Michael Hofmann (born 25 August 1957) is a German-born poet who writes in English and is a translator of texts from German.

Biography
Hofmann was born in Freiburg into a family with a literary tradition. His father was the German novelist Gert Hofmann. His maternal grandfather edited the Brockhaus Enzyklopädie. Hofmann's family first moved to Bristol in 1961, and later to Edinburgh. He was educated at Winchester College, and then studied English Literature and Classics at Magdalene College, Cambridge, graduating with a BA in 1979. 

In 1983, Hofmann started working as a freelance writer, translator, and literary critic. 
He has since gone on to hold visiting professorships at the University of Michigan, Rutgers University, the New School University, Barnard College, and Columbia University. He was first a visitor to the University of Florida in 1990, joined the faculty in 1994, and became full-time in 2009. He has been teaching poetry and translation workshops.

In 2008, Hofmann was Poet-in-Residence in the state of Queensland in Australia.

Hofmann has two sons, Max (1991) and Jakob (1993).

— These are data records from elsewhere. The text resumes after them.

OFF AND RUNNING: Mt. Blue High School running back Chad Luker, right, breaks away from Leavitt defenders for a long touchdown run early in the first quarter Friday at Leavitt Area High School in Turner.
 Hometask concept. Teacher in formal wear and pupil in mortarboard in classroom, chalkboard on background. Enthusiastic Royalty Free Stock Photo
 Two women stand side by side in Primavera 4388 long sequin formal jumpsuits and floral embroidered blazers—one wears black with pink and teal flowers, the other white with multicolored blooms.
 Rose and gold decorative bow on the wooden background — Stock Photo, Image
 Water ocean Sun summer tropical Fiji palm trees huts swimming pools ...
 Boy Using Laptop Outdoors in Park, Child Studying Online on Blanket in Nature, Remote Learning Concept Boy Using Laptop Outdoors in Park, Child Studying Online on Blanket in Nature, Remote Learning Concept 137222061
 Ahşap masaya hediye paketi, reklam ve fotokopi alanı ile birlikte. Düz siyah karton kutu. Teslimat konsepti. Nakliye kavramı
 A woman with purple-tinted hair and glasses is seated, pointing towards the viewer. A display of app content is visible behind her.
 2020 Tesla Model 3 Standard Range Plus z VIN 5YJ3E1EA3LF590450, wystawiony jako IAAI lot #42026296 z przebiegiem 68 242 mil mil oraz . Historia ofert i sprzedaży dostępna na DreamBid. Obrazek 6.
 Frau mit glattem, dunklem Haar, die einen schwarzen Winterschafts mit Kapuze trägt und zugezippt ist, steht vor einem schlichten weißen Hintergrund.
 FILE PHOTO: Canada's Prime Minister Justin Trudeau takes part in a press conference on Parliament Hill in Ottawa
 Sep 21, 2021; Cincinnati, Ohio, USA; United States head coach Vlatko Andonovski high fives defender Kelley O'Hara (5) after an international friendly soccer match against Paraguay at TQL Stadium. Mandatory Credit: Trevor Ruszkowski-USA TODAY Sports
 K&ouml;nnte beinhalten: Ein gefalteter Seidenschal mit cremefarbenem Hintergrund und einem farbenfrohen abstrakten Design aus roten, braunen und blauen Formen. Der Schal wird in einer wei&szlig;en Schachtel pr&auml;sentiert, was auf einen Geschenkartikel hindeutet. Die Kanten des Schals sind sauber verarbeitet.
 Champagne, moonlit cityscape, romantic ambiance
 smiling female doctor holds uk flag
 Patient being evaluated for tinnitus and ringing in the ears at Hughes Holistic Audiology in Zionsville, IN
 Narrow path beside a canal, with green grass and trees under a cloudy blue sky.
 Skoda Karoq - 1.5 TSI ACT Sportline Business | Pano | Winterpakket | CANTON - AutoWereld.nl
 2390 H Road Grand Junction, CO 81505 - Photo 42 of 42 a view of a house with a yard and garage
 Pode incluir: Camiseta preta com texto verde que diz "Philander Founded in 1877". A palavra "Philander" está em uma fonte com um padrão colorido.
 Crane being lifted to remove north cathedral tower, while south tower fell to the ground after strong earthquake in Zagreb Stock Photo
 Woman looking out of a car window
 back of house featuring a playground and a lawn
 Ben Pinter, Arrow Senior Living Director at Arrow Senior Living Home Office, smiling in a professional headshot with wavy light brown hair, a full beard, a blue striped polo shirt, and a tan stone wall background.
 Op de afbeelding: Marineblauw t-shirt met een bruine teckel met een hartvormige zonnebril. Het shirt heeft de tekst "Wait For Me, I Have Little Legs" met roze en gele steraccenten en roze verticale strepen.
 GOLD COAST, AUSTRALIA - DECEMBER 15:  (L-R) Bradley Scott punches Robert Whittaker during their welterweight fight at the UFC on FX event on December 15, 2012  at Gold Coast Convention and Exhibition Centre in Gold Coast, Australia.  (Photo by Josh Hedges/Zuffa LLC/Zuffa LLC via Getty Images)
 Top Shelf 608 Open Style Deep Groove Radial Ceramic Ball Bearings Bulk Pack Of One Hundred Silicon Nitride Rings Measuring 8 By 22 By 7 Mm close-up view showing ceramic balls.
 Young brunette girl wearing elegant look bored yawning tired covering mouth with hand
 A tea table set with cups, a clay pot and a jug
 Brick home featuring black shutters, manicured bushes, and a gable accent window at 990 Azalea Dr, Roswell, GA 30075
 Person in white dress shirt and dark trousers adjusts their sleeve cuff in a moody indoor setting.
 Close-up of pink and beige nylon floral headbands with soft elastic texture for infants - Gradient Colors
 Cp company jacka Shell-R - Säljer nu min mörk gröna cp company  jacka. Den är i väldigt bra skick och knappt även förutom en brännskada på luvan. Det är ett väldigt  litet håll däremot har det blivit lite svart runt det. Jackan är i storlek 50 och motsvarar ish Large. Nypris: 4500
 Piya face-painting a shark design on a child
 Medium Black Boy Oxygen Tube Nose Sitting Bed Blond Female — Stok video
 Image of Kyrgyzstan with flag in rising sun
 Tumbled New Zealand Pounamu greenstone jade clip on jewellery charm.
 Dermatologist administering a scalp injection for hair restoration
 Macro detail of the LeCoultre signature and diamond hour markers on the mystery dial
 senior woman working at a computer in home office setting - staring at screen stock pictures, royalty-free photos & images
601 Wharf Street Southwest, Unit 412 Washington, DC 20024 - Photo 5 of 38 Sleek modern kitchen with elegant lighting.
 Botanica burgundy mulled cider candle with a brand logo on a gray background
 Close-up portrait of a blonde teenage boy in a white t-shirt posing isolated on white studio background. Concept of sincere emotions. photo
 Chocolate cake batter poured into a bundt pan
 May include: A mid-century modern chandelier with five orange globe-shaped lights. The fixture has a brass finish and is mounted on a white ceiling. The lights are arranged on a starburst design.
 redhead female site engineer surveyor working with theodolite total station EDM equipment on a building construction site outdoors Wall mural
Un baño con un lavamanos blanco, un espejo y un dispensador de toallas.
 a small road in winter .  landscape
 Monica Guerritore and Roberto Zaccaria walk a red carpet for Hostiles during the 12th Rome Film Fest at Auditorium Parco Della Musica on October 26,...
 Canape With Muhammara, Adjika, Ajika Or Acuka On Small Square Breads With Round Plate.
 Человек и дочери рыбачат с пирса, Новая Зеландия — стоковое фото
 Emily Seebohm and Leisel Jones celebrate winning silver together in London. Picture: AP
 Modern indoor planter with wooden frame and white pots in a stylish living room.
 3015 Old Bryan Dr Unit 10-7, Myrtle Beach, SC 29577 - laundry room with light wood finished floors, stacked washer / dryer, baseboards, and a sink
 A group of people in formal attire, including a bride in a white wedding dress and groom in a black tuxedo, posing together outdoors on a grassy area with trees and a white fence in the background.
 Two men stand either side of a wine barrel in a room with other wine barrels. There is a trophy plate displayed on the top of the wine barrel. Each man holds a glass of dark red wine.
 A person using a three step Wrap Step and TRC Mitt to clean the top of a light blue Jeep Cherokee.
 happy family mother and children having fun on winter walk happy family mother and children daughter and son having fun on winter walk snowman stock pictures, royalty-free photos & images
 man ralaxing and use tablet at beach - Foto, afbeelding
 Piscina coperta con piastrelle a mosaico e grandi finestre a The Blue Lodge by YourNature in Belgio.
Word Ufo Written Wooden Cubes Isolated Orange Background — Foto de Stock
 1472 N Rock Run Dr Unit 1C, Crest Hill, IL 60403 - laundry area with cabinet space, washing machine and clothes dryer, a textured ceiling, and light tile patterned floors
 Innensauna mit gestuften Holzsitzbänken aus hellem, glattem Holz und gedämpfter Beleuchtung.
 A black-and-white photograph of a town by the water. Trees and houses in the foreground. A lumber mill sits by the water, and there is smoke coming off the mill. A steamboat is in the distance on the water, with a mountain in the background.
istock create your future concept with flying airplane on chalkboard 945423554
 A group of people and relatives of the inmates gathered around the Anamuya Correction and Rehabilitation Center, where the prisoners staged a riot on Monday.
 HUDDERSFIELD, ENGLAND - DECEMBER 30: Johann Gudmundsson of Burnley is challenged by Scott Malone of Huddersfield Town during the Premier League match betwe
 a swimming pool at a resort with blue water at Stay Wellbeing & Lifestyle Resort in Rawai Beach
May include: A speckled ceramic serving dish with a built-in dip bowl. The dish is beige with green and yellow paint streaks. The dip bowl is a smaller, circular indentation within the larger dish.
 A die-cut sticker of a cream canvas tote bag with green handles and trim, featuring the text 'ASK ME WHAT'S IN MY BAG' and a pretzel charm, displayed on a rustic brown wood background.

He splits his time between Hamburg and Gainesville, Florida.

Honours
Hofmann received the Cholmondeley Award in 1984 for Nights in the Iron Hotel and the Geoffrey Faber Memorial Prize in 1988 for Acrimony. The same year, he also received the Schlegel-Tieck Prize for his translation of Patrick Süskind's Der Kontrabaß (The Double Bass). In 1993 he received the Schlegel-Tieck Prize again for his translation of Wolfgang Koeppen's Death in Rome.

Hofmann was awarded the Independent Foreign Fiction Prize in 1995 for the translation of his father's novel The Film Explainer, and Michael was nominated again in 2003 for his translation of Peter Stephan Jungk's The Snowflake Constant. In 1997 he received the Arts Council Writer's Award for his collection of poems Approximately Nowhere, and the following year he received the International Dublin Literary Award for his translation of Herta Müller's novel The Land of Green Plums.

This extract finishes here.